■ **DATA SHOWN**
--------------------
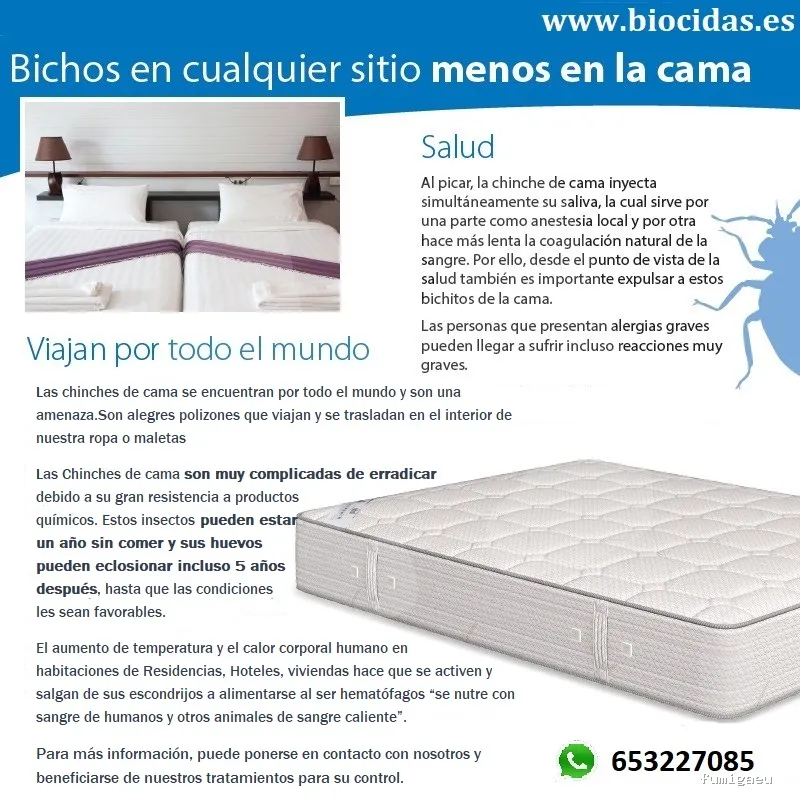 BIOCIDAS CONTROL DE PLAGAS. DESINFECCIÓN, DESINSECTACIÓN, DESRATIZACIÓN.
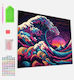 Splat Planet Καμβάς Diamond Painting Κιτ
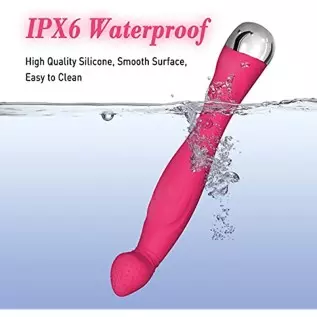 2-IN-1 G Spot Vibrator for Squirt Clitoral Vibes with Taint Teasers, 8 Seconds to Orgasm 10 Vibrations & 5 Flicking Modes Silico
--------------------
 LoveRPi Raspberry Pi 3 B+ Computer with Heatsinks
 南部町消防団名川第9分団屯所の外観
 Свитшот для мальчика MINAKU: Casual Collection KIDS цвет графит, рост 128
--------------------
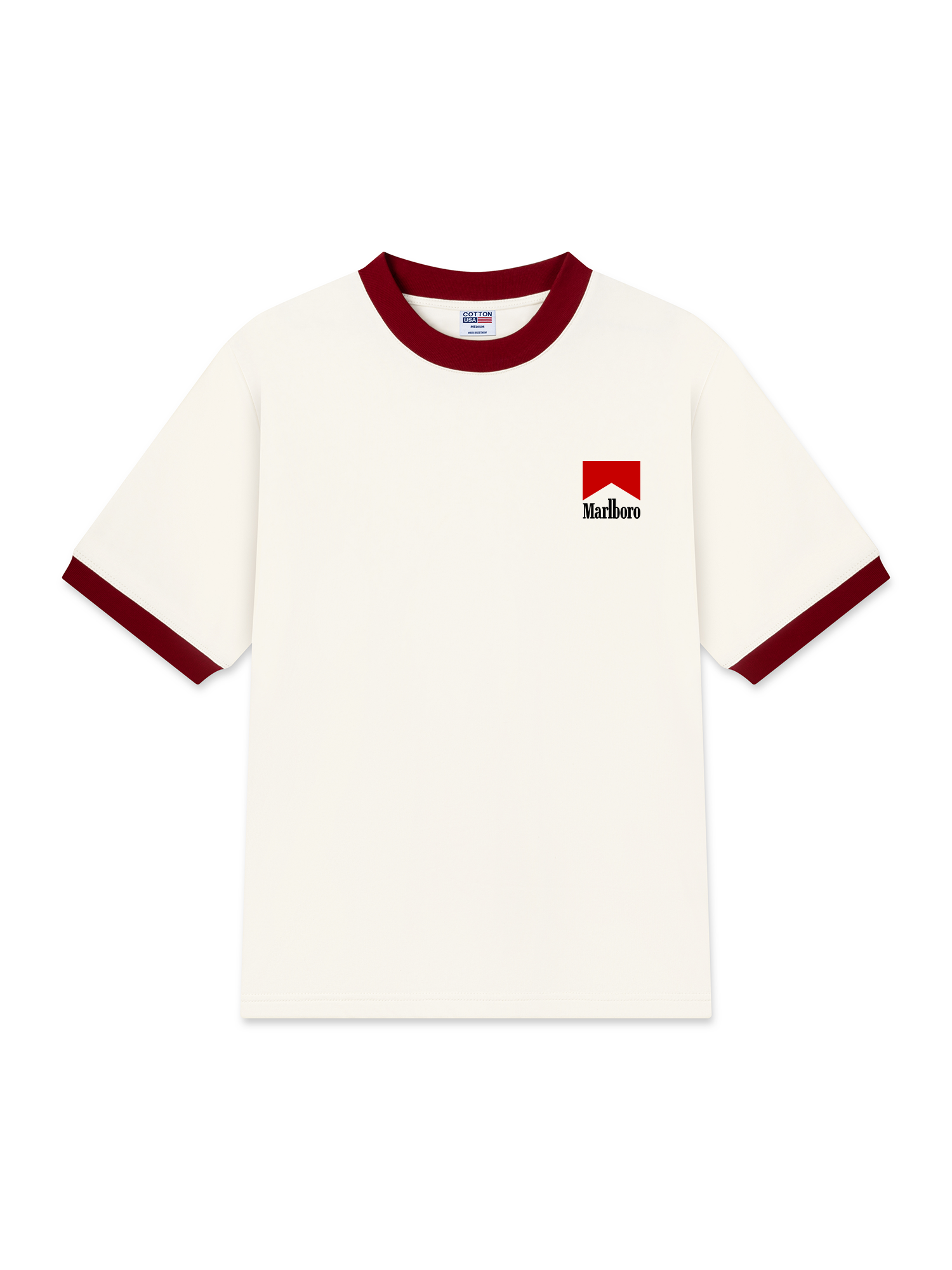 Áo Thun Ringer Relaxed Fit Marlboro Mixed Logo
--------------------
When copying from the data above, print only the lines from the line containing "Splat Planet Καμβάς Diamond Painting Κιτ" to the line containing "2-IN-1 G Spot", exactly, and leave the pictures out.

■ **TASK SOLUTION**
 Splat Planet Καμβάς Diamond Painting Κιτ
 2-IN-1 G Spot Vibrator for Squirt Clitoral Vibes with Taint Teasers, 8 Seconds to Orgasm 10 Vibrations & 5 Flicking Modes Silico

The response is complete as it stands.